▶ [Task statement]:
Would you repeat the data below exactly, taking out the images?

Start of Recorded information

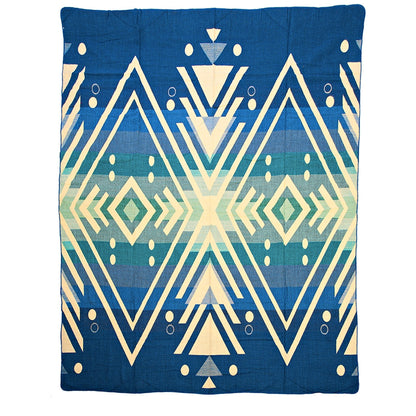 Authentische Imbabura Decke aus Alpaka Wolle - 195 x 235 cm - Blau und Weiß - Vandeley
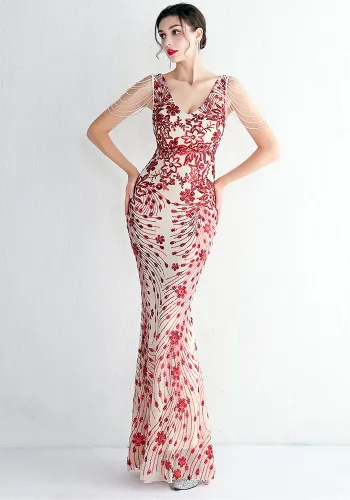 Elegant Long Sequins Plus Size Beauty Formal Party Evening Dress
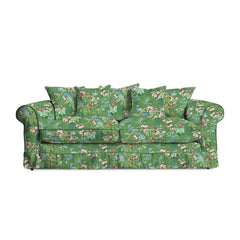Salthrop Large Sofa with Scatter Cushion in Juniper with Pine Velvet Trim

End of Recorded information

▶ [Written answer]:
 Authentische Imbabura Decke aus Alpaka Wolle - 195 x 235 cm - Blau und Weiß - Vandeley
 Elegant Long Sequins Plus Size Beauty Formal Party Evening Dress
Salthrop Large Sofa with Scatter Cushion in Juniper with Pine Velvet Trim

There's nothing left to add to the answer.